_What to do_: Reproduce every entry below precisely; do not include the pictures.

[Captioned web image data]
--- START ---

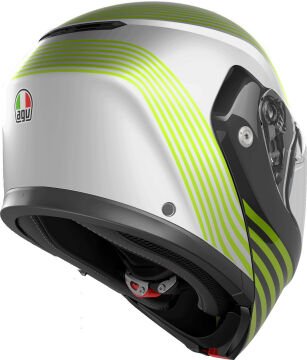 AGV Streetmodular Iseo Kapalı Kask Beyaz-Sarı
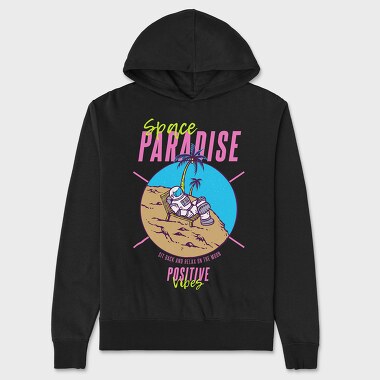 Space Paradise, Unisex Men's Hoodie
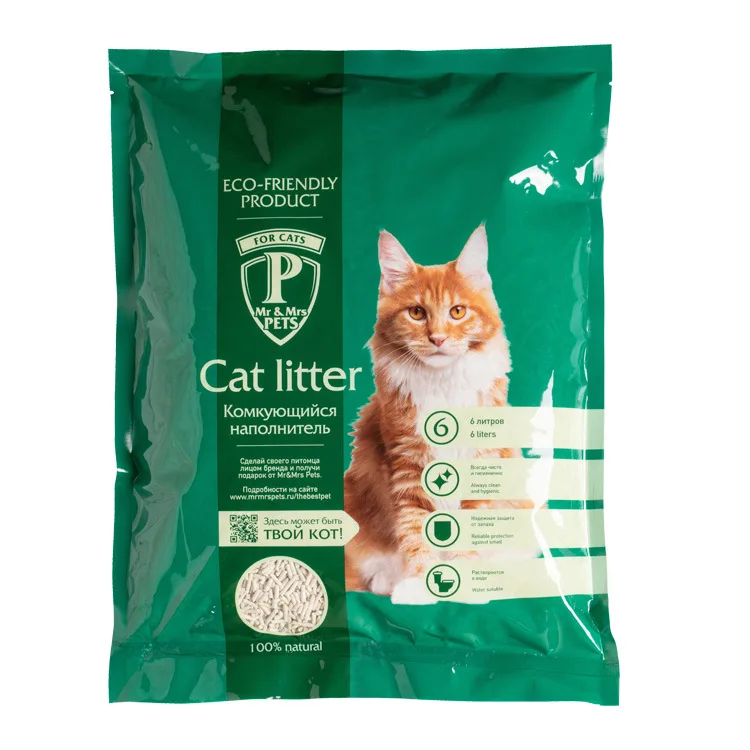 6L original green tea tofu cat litter absorbent agglomerated activated carbon dust-free deodorization cat litter wholesale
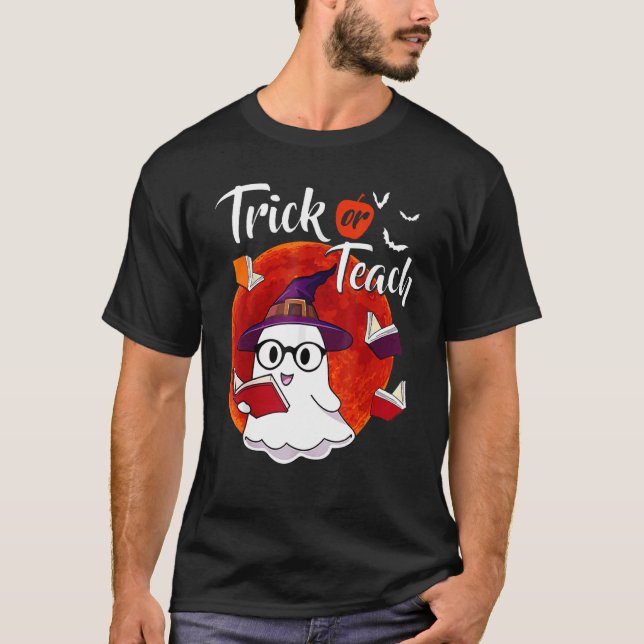 Halloween-Kostüm 202 für Trick oder Teach Ghost Te T-Shirt (Vorderseite)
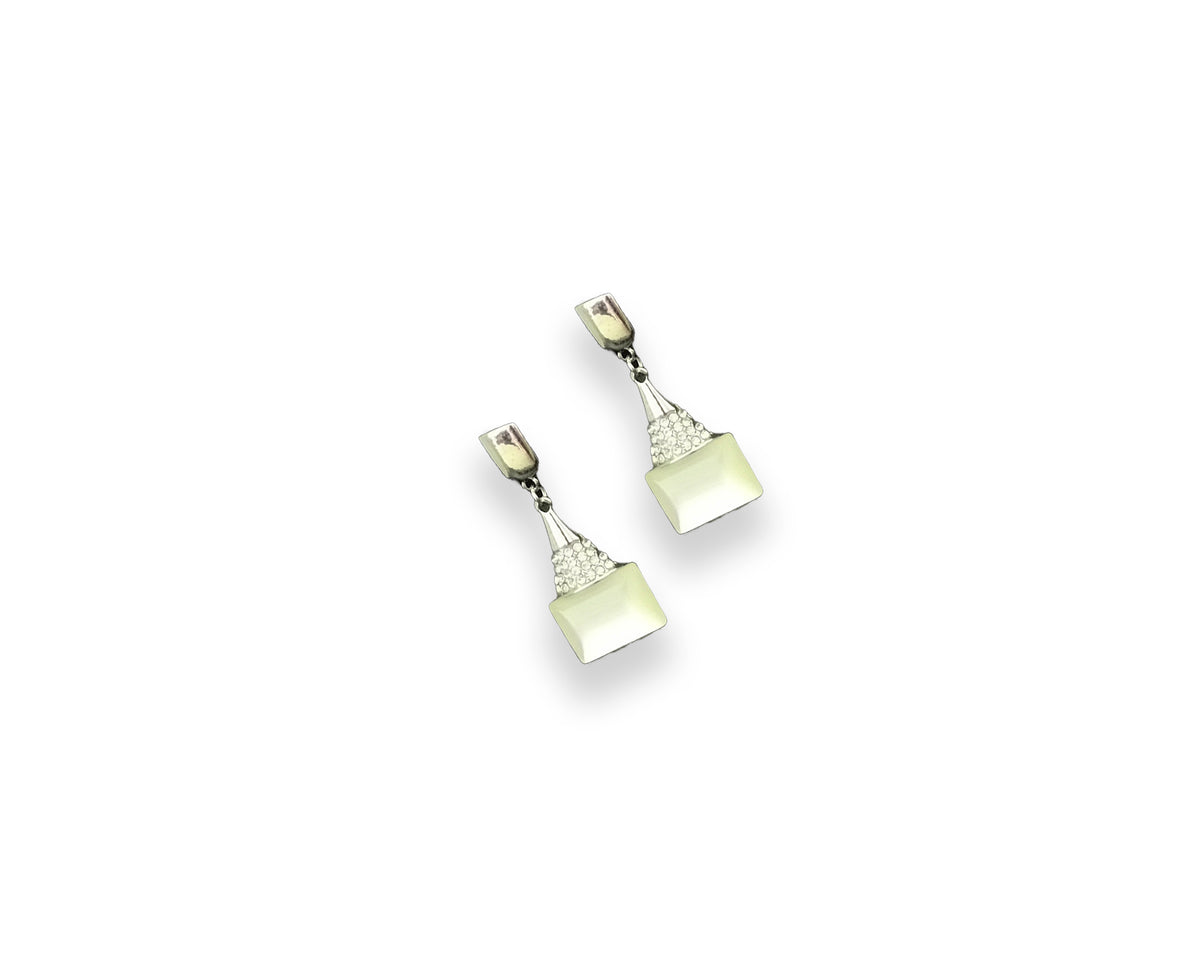 Lustre Cube Drop Earrings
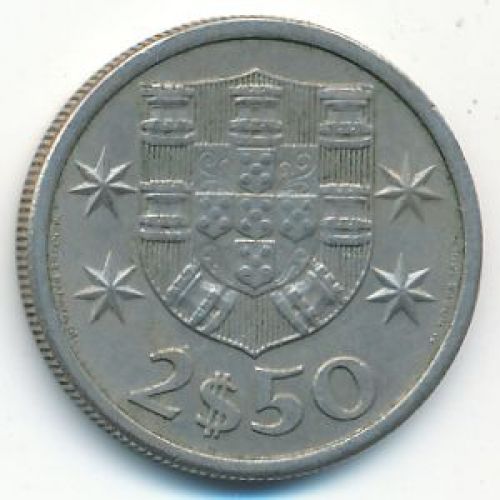 2,5 эскудо 1964 год Португалия
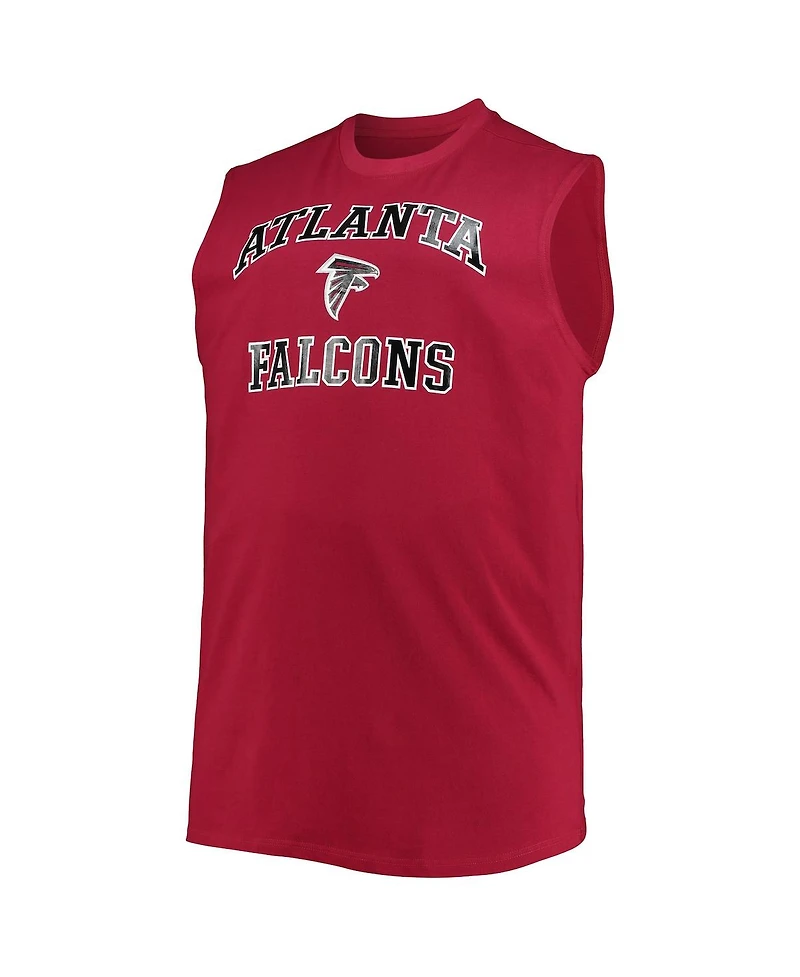 Men's Red Atlanta Falcons Big and Tall Muscle Tank Top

--- END ---

_Task result_:
 AGV Streetmodular Iseo Kapalı Kask Beyaz-Sarı
 Space Paradise, Unisex Men's Hoodie
 6L original green tea tofu cat litter absorbent agglomerated activated carbon dust-free deodorization cat litter wholesale
 Halloween-Kostüm 202 für Trick oder Teach Ghost Te T-Shirt (Vorderseite)
 Lustre Cube Drop Earrings
 2,5 эскудо 1964 год Португалия
 Men's Red Atlanta Falcons Big and Tall Muscle Tank Top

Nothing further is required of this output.